Sinto sempre uma certa tristeza quando olho para aquilo que outrora foi acarinhado por mim como relíquia a conservar pela vida fora e que agora, embalado ou atado, é apenas importante porque o foi no passado.

Vou entregar à pequena biblioteca deste canto da vida os livros de histórias menores, com capa de couro, lombadas com letras douradas e rebuscadas, folhas carcomidas e cheiro a muito velho.
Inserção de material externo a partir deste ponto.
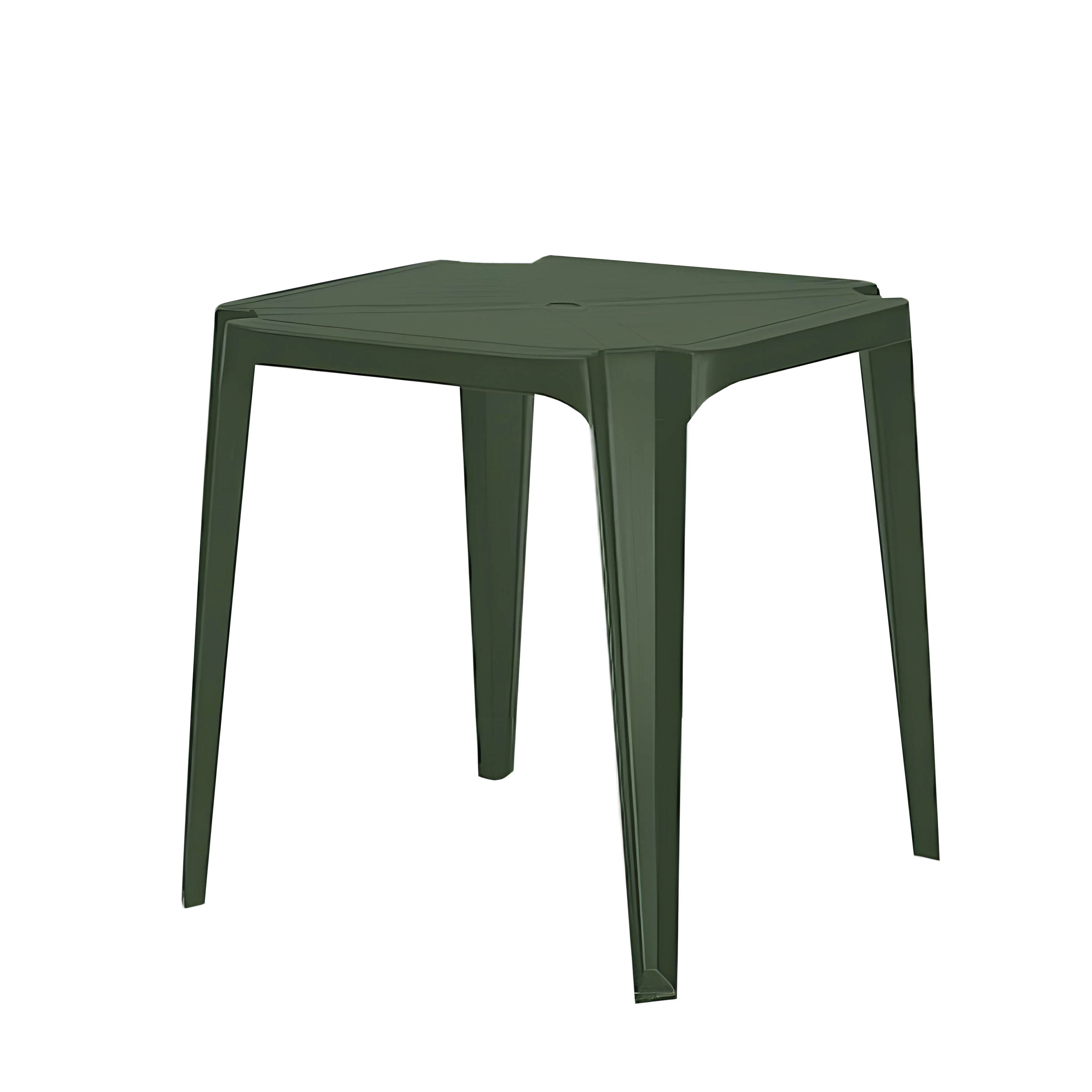 Table SUN Polypropylène 70x70xh71cm Vert amazonie - Grosfillex - Henri Julien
Pertenciam à minha gente. Gente que nunca poderia conhecer. Pessoas que morreram antes do meu avô ter nascido.
Há uma imensidão deles, colocados nos pesados armários do sótão, ou empilhados nas salas favoritas dos meus avós, exactamente onde os tinha guardado quando os descobri, já lá vão dez anos. Na altura, pensei que tinha encontrado, não um acervo valioso, mas belíssimos pedaços de memórias que se inscreviam nas margens das folhas pelos donos destes livros. Lembro-me das anotações a tinta, numa letra tombada e toda floreada, num livro de receitas de alguém que me parece ter dominado a cozinha em tempos idos.
Esse não vai.
Não vão também os que trazem pequenas anotações acerca de Voltaire, de Diderot, de Balzac e um ou outro de autores menores, mas que mereceram apontamentos extraordinários, mais outro que sublinha e comenta os soneto de Camões - tão mal amado e tão mal interpretado por Voltaire.

Isto de ter de escolher pedaços de memória é doloroso.

Sei que os livros, se ficarem, se vão deteriorar irreversivelmente. Custa-me entregar os volumes que foram importantes e acarinhados por alguém, um dia, no passado. Parece-me que os desrespeito, aos livros e aos antigos donos, mas há memórias que devemos embalar e levar connosco e outras que, por muito que lamentemos, devemos deixar fugir por ente os dedos.

Até nestas decisões derradeiras as bibliotecas são parecidas com a vida.